Accounting predates money, and was originally used by ancient communities to track and manage their limited resources. There are accounting records from Mesopotamia dating back more than 7,000 years, listing the exchange of goods. Over time, accounting became the language and information infrastructure for trade. Accounting and auditing enabled the creation of vast empires, such as those built by the Egyptians and the Romans.

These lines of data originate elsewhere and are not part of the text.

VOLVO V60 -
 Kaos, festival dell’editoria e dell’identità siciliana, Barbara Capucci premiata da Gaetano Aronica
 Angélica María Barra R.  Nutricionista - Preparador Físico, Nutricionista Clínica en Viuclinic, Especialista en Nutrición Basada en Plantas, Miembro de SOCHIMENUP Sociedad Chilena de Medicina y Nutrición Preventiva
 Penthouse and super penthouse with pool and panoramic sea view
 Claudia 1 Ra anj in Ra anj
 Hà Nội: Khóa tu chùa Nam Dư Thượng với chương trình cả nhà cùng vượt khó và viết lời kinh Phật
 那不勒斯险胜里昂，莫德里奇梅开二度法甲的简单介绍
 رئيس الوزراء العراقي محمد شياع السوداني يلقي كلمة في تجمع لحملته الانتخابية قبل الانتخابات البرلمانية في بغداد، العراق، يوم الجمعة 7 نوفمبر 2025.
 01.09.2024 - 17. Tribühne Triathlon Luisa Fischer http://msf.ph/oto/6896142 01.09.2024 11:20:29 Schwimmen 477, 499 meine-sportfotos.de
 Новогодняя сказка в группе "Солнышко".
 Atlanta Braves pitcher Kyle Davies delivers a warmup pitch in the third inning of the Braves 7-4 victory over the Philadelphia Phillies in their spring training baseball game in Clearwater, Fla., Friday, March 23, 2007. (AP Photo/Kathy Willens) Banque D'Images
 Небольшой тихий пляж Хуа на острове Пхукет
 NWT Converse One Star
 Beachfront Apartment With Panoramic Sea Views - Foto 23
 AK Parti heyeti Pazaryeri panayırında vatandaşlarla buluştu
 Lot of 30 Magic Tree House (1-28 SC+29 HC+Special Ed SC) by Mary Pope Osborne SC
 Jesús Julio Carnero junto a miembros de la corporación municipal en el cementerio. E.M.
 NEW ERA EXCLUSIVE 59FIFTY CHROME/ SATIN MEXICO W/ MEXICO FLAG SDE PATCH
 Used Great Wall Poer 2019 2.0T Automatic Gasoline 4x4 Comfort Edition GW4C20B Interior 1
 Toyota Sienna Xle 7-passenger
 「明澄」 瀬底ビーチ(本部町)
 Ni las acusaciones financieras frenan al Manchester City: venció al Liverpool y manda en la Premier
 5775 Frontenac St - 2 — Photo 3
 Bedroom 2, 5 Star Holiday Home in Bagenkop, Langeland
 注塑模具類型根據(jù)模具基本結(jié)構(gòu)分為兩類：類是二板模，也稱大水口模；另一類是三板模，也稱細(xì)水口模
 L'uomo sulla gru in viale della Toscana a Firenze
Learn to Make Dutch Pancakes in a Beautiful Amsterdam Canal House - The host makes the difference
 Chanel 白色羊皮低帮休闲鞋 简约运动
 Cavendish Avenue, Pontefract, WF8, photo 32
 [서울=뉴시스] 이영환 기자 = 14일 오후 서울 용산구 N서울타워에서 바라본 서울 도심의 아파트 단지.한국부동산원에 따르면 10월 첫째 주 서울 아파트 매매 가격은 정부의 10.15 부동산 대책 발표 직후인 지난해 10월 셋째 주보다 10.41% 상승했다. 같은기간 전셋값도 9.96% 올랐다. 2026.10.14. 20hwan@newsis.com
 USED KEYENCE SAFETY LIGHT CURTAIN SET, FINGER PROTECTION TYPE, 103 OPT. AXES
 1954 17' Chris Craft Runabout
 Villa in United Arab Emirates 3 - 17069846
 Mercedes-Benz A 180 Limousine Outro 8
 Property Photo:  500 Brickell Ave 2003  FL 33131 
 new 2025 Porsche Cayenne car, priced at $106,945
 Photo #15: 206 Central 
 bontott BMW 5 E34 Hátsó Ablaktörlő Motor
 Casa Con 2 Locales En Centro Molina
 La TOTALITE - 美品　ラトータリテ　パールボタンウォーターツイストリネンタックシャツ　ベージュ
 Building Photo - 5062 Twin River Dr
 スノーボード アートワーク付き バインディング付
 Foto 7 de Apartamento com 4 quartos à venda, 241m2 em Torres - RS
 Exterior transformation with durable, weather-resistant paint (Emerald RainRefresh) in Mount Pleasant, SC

As accounting scaled, it made sense to go from counting sheep, bushels of grain, and cords of wood, to calculating and managing resources using their exchange value in terms of an abstract unit: money. In addition to exchange, money allowed for recording and managing obligations. So where earlier bookkeeping just kept records of promises and exchanges between individuals (Alice lent Bob a goat on this date), money opened up a new realm of accounting by dramatically simplifying the management of accounts and allowing markets, companies, and governments to scale. However, through the centuries, this once powerful simplification has a resulted in a surprising downside-a downside made worse in today's digitally connected world.
While companies today use enterprise resource planning (ERP) systems to keep track of widgets, contractual obligations, and employees, the accounting system-and the laws that support it-require us to convert just about everything into monetary value, and enter it into a ledger system based on the 700-year-old double-entry bookkeeping method. This is the very same system used by the Florentine merchants of the 13th century and described by Luca Pacioli, the "father of accounting," in his book Summa de Arithmetica, Geometria, Proportioni et Proportionalità, published 1494.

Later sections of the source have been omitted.